Why Pune? Well, that’s no rocket science, even if what they do is. Sitting in Maharashtra’s automotive belt, the city gives Astrophel access to a dense ecosystem of precision component makers. But building that supply chain, Louis says, was the company’s steepest climb. “When it gets into manufacturing, sourcing raw material, equipment for a small order, if you go to a vendor who’s usually doing bulk orders for clients, the cost for them to make a small part doesn’t really make sense to them. As a startup, it doesn’t make sense for us either to invest heavily in heavy machines. So that was the big challenge — building that ecosystem, building the supply chain.”

Funding and what comes next

“We raised around $800,000 — around Rs 6.84 crore — and we completed our fundraise. We are targeting our next fundraise now, which will be a Series A, and we’re targeting around $5 million. It is scheduled after our hopper test — post August 15 will be the next one.”

The pre-seed capital, raised from undisclosed angel investors and venture firms, went toward building the reusable hopper prototype and expanding in-house R&D. An MoU with IN-SPACe — the government body overseeing India’s private space sector — has since given Astrophel access to ISRO facilities for design validation, testing, and qualification of propulsion subsystems.

The August 15 test

“In rockets, what we feel is very important is reusability — because that brings down a lot of the cost of getting satellites into orbit. A hopper is basically Astrophel’s version of reusable. It’s a small proof of concept — around 200 kgs, 10-kilometre altitude. This rocket will ignite, take off, hover, and then land. So it’s not exactly something that orbits, but it takes off and lands. We want to prove that we have the subsystems developed. We want to start small with a hopper — and it’s very easily scalable after.”
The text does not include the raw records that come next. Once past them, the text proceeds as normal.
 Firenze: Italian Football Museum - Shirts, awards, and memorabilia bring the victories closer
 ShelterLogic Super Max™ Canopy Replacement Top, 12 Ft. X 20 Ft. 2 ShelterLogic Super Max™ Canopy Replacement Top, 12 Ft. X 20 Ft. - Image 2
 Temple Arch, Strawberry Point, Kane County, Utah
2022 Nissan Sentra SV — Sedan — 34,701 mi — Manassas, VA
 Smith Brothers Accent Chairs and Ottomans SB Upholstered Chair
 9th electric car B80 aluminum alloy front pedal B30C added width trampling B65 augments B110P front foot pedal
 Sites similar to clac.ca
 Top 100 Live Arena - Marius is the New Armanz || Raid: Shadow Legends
The test is targeted for August 15, 2026, which India will mark as its 80th Independence Day. It is not Astrophel’s first nod to the date: on August 15, 2023, the company fired its semi-cryogenic engine, becoming one of only a handful of private players in India to have done so. This time, the ambition is larger.

The bigger picture

“Building a deep-tech startup in India was always going to be hard. But right now, with the current government-initiated programmes — we have IN-SPACe, we have participation from the government, there’s also a lot of private investment in aerospace and R&D going on. So it’s a good time.”

The global context sharpens the argument. SpaceX’s Starship has set a new benchmark for reusable launch, but Louis is clear that the parallel only goes so far. 
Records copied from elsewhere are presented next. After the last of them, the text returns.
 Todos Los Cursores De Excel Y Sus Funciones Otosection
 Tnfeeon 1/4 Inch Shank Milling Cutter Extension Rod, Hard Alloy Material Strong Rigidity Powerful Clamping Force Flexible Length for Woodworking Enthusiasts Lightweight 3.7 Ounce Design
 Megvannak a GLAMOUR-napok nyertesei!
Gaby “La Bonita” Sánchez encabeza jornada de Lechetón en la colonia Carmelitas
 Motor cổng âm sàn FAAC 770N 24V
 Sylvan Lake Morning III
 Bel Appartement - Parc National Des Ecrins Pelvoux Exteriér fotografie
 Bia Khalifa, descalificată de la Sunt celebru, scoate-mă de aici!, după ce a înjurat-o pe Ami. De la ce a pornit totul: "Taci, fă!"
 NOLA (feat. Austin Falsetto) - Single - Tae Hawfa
“SpaceX is a very big version of what we are making — a very big scale. In order to reach that scale, technology has to be developed at a small scale, and it has to be done in-house in India.” Astrophel’s Astra C1, its flagship three-stage launch vehicle, is built for small satellites — payloads of up to around 150 kg — where dedicated, low-cost access to orbit remains a meaningful gap in the market.

About the national security dimension, he says, “It’s very important for the government to support these initiatives, at least to build our own space tech, our own defence sector, quickly.”

In the meantime, Astrophel is commercialising its subsystems — cryogenic valves, turbopumps, guidance components — to generate early revenue and validate hardware in real operating conditions before it ever reaches orbit. “Our customers use the parts. It’s like getting validated before it actually goes into a rocket. So by the time it gets to orbit, everything is already proven.”

August 15 is the next proof point. “Fingers crossed,” Louis hopes.